Exercise details - Starting with the line that has "US Army Mariners" in the records below and ending with the line that has "Pie Crust Door Sideboard - Chapin Furniture", output those lines exactly and nothing more; omit the pictures.

Data under study -
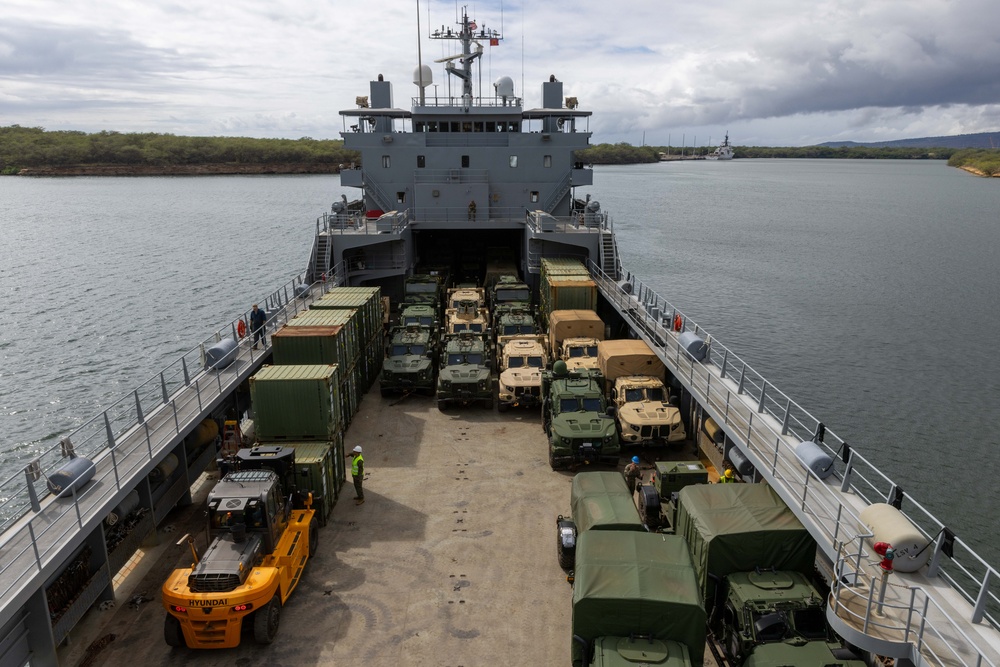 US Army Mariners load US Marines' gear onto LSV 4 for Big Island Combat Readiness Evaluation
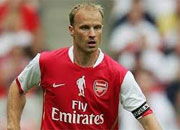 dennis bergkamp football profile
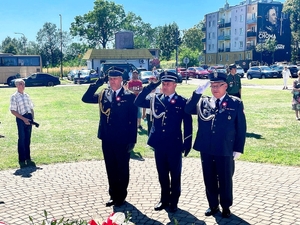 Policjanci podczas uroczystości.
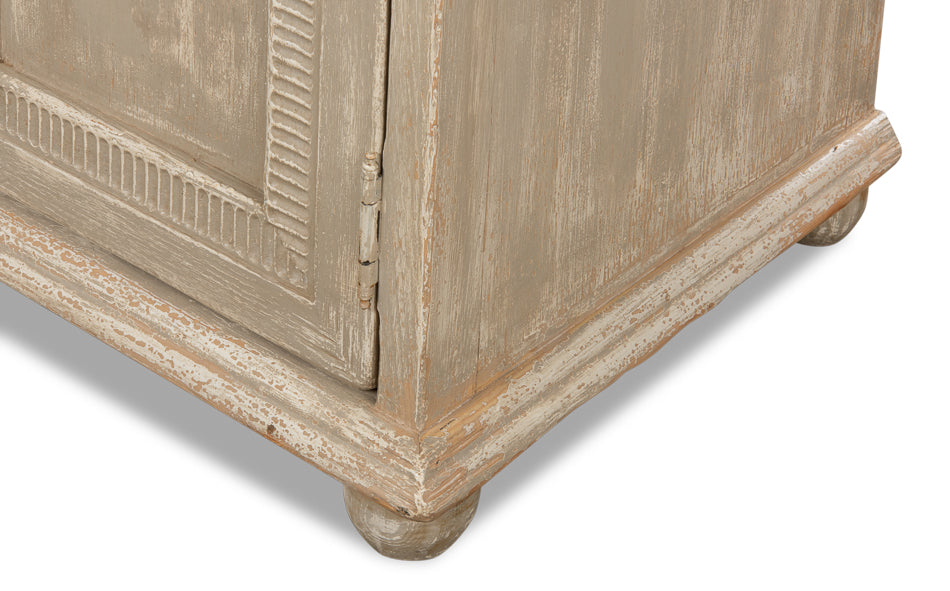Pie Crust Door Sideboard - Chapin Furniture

...

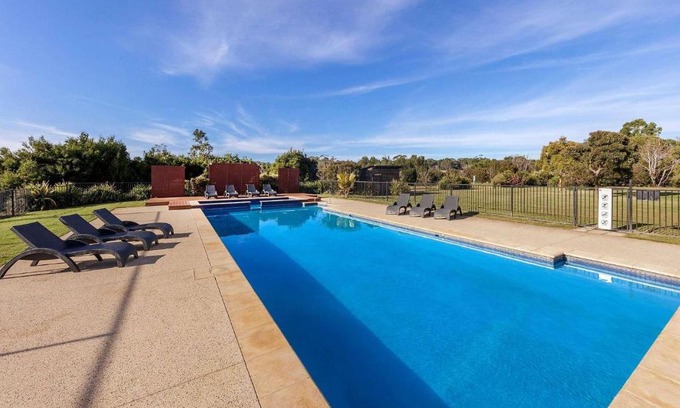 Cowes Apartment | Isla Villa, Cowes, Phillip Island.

Result of this task -
 US Army Mariners load US Marines' gear onto LSV 4 for Big Island Combat Readiness Evaluation
 dennis bergkamp football profile
 Policjanci podczas uroczystości.
Pie Crust Door Sideboard - Chapin Furniture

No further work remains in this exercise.